Dr. Ivan Kováč, deported from Prague in 1948, survived harsh camps. In one of them, he was a bit fortunate and he got some work outside the guarded area of the camp. He said: “I was a brigadier, I had an office for different accounting work. Writing in the camp was very dangerous, and there were also such examinations that they looked even into one’s rectum. In the office, however, it was possible to write, so I started to write down all the events, but also to write letters home and the complaints to the General Prosecutor's Office. Our manager of construction works was a former prisoner and his father-in-law worked at the Ministry of the Interior Affairs in Moscow. We collected some roubles and his wife travelled to Moscow with our mail and brought messages from the Ministry. In this way, I smuggled out all my memories into Mukatshevo, 850 pages, later from Mukatshevo to Košice and then to the West. I was able to fulfil Solzhenitsyn's will to inform the world about the events in the Soviet camps, but also to make contact with the family. I started to receive packets from home and the life was more tolerable then. I always called my friends, of course, the future writer too, and we shared every bit. We had to build the Irtysh - Karaganda Canal (Kazakhstan). Under our feet, there was somewhere in the depths of the earth. You just needed to put your head on the ground. Artesian wells should have to be bored there, but the weather was so hot that the bulldozers started to burn and blood run out of our noses. We built shafts in Ekibastuz, they were also building the cosmodrome in Baykonur, which we were told that it would be a meat processing plant. At that time, Solzhenitsyn was working in a mechanical brigade, and I was so exhausted after a year that I and some other exhausted prisoners were sent into the camp in Spassko. We did not know that they sent the sick, weak and paralyzed prisoners to die in Spassko. But we were fortunate. In Karaganda, I met my classmate from Mukatshevo. It was a Jew who had left Hungary, he did not want to die in a concentration camp, and he ended up in a Russian camp in Siberia. He advised me not go to Spassko, from there no one has ever returned alive. Stay here, we need experts. All of a sudden, in our group we had carpenters, bricklayers, joiners, so they left us in Karaganda.”

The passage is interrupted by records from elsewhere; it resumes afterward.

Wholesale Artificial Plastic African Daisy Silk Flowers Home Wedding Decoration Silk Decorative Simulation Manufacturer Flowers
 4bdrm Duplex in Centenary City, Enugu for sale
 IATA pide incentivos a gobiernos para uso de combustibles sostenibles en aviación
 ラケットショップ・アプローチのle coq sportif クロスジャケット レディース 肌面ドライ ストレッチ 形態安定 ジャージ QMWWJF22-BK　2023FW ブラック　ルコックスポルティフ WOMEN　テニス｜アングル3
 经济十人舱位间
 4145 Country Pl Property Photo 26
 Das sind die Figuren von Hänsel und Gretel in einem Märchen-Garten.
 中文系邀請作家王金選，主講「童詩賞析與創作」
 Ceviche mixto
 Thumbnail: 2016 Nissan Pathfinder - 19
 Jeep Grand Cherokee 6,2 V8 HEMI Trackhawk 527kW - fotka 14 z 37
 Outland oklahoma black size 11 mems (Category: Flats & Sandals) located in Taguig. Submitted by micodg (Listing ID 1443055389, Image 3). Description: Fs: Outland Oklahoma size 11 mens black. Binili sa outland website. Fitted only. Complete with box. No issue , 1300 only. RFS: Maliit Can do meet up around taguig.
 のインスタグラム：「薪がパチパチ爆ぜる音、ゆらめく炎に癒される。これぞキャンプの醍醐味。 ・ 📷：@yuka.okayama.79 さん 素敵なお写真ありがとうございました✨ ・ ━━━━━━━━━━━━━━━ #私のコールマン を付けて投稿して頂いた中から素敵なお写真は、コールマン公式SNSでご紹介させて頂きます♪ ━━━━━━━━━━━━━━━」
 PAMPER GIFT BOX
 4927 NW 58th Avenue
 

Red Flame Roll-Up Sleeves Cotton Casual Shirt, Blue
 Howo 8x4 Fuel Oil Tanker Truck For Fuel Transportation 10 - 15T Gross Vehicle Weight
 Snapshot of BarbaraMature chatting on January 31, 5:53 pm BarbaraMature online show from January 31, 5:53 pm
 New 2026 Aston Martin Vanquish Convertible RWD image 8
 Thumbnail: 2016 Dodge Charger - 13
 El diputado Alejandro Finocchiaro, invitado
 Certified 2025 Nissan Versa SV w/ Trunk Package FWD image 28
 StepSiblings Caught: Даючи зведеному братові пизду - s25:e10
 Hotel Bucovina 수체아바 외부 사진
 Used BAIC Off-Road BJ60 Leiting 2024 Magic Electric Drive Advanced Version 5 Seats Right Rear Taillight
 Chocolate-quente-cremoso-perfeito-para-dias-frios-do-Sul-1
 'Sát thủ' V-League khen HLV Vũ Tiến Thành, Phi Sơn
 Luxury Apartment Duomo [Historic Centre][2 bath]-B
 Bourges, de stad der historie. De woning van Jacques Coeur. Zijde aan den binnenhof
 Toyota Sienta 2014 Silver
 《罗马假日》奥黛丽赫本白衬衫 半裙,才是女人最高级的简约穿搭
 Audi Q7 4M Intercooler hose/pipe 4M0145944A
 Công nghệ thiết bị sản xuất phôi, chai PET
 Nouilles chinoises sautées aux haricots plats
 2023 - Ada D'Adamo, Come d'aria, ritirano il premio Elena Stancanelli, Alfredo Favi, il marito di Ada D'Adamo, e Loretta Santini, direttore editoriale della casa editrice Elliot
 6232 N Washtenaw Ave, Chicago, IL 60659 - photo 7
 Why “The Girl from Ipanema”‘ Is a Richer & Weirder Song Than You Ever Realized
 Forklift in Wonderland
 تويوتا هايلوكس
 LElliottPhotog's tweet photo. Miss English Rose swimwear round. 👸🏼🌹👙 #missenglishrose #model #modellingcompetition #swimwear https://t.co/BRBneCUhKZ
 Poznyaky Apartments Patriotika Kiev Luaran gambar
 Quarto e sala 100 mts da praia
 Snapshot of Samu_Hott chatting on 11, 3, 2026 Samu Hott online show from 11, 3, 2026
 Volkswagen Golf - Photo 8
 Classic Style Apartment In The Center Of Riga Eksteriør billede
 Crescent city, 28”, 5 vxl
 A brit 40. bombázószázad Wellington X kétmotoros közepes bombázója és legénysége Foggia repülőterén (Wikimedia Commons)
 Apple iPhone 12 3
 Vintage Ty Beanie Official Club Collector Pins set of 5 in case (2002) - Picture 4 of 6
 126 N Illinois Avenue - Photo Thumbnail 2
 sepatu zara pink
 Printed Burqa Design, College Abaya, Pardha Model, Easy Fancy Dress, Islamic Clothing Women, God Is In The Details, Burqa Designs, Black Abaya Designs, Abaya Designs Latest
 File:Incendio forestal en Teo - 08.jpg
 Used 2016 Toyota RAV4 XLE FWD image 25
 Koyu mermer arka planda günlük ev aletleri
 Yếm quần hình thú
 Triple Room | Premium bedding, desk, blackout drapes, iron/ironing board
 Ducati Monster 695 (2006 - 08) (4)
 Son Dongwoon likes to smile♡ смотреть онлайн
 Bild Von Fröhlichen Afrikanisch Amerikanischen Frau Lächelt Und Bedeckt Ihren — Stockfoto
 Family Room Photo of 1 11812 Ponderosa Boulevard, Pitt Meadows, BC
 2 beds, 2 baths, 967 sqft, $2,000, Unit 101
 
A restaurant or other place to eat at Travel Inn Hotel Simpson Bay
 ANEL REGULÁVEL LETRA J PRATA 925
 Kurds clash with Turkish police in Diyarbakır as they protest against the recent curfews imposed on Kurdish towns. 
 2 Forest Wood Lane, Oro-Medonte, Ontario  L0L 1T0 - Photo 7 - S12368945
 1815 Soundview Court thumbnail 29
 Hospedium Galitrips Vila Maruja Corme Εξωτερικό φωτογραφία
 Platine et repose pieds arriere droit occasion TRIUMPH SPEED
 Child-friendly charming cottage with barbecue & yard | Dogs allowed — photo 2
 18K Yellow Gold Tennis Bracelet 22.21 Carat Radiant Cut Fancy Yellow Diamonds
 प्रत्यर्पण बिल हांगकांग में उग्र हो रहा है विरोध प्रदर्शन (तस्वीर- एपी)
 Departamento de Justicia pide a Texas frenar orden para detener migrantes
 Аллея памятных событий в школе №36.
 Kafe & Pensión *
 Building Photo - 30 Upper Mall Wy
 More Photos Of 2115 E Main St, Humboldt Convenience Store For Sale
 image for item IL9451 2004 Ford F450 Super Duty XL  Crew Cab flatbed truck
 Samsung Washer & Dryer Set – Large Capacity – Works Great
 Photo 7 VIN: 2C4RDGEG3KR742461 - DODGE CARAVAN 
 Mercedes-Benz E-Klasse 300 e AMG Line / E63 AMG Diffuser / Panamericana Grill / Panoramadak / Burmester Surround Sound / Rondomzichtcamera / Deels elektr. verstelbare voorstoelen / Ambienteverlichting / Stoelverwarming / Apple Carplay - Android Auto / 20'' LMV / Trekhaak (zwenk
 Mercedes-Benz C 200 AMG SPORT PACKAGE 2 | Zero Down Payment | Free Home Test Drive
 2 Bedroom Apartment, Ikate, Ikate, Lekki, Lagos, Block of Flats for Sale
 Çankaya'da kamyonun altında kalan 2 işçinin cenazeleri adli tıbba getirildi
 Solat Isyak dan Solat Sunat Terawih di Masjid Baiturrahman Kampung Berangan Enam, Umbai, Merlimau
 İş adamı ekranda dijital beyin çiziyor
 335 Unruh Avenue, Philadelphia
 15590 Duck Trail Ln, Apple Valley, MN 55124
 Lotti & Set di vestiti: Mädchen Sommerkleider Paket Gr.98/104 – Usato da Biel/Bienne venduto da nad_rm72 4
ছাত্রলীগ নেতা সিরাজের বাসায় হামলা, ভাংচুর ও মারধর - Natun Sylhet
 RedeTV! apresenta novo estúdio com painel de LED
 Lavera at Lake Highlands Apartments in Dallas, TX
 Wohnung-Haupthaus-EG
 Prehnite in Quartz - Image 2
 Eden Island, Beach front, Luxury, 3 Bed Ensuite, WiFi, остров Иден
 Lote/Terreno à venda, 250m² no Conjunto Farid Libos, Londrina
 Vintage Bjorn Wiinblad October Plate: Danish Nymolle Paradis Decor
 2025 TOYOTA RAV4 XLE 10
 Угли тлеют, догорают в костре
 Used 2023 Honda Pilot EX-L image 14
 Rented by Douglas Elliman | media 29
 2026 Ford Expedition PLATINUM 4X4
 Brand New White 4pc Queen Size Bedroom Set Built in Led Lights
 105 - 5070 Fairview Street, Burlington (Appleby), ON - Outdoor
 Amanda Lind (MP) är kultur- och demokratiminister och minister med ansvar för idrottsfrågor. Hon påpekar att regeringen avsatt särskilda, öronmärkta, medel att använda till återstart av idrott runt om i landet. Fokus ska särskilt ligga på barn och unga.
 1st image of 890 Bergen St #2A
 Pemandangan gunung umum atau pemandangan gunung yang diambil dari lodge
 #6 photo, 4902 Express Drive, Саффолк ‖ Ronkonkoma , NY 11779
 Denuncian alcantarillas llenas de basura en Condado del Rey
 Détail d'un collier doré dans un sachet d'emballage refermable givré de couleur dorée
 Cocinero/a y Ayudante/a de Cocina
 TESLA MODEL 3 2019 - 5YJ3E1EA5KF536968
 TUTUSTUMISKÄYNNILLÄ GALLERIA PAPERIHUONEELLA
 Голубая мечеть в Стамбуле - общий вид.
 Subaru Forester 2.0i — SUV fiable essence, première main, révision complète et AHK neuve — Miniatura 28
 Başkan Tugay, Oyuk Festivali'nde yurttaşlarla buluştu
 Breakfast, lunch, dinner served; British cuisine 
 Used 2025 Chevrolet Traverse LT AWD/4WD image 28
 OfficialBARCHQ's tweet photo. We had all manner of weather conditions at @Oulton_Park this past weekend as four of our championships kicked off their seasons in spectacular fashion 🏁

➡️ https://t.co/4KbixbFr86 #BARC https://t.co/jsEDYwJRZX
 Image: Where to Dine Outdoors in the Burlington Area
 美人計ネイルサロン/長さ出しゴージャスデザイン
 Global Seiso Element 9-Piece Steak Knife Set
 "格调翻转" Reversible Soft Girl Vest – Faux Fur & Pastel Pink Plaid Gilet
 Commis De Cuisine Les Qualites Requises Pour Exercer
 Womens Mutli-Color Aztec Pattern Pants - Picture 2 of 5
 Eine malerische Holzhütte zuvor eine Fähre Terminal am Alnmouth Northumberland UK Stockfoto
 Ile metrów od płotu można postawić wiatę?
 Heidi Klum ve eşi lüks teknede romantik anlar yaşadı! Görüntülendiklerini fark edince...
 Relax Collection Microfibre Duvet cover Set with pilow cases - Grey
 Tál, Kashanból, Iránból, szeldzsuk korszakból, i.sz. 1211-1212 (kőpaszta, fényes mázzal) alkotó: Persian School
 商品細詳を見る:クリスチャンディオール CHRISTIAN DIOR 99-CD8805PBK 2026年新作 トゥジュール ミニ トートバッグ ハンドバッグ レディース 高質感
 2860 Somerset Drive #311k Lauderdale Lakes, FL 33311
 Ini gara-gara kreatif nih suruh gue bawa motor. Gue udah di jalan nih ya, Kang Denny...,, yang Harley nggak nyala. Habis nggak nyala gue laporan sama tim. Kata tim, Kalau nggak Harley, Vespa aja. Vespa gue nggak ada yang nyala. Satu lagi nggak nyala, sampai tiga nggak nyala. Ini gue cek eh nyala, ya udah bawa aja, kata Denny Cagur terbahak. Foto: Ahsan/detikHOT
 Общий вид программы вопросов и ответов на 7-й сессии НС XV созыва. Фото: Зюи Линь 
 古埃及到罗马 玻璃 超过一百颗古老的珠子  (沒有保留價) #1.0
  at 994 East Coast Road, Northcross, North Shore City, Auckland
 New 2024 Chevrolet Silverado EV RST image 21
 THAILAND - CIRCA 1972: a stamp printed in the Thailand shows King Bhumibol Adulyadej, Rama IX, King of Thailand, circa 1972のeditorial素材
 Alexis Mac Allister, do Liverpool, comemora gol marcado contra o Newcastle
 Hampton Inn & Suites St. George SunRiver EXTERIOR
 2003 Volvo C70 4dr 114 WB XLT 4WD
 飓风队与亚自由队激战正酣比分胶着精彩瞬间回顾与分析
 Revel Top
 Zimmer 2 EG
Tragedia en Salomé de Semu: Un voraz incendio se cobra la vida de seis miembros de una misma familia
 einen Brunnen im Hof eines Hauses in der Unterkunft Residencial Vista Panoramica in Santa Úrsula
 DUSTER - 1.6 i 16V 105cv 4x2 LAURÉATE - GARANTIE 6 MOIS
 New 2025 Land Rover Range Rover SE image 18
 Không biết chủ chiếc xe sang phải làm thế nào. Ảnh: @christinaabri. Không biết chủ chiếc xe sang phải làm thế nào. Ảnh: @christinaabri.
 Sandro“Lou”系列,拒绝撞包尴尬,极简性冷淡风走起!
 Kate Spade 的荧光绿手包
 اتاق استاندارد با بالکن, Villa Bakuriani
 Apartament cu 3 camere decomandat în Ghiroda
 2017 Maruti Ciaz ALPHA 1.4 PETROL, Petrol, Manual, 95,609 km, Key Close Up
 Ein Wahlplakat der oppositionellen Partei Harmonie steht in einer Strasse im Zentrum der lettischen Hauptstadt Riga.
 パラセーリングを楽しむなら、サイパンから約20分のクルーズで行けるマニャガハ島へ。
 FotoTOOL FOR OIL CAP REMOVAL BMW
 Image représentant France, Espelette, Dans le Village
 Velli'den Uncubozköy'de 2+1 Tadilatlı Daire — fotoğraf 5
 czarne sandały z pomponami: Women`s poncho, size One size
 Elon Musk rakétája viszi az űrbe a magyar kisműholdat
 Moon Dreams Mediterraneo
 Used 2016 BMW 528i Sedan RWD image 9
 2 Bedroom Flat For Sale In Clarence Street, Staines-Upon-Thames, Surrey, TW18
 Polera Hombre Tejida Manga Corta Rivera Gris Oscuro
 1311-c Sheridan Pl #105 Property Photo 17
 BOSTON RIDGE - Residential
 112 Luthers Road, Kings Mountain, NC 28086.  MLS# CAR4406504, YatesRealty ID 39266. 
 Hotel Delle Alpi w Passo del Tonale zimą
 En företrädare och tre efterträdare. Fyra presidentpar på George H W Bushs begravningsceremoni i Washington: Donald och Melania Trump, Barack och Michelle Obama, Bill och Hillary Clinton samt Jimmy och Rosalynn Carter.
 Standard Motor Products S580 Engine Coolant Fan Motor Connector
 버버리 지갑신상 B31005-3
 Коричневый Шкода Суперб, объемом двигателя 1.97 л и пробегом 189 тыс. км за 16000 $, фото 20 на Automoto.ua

Dr. Ivan Kováč was not able to reconcile with his deportation to the USSR. He wrote letters everywhere and explained his situation. Uselessly. When the regime in the camp in Karaganda near Saran weakened over the time, he organized a strike against the so-called winter coefficients:[2] “I wrote a letter to the prosecutor about our situation and he, on the basis of my appeal, orders an inspection. The firms, the leadership of the camp, the brigadiers and me, who started the strike, met at the workplace.  We went out to the courtyard and the prosecutor talked about my appeal. I told them that everything was true, there are the brigadiers and two and a half thousand people standing outside that can confirm this. He told the leaders of the camp and the firms - I give you one hour, then I will come back. If the work sheets and coefficients are not signed, then Kováč will be released and you will go to “tjurma” (prison). Because you have sabotaged and have not paid the prisoners. In an hour everything was signed and my brigade got extra five thousand hours to keep me silent. Then he asked me to tell the people to start working. I went outside, the prisoners were sitting there and waiting for the result. I told them we had won and that they had paid the work sheets, the coefficients as well as the downtime for the time we did not work. There was a hurray, they were throwing me up and it was the happiest day of my life in the camp. On the basis of the UN decision, we were moved - all the foreigners who were deported to the USSR had to be returned home. So the Russian emigrants had to be returned too. We got into a camp for foreigners and there were 32 nations. Every nation elected their representative and I was elected an elder. I had to get in touch with the leadership and the Government of the USSR. This was the greatest honour for me. And not only for me, bit also for Czechoslovakia that a Czechoslovak person was chosen to be its representative. They called me Hammarskjöld [3]. In the UN he was elected by 56 national representatives, I was elected by 32, that’s why they called me “small”.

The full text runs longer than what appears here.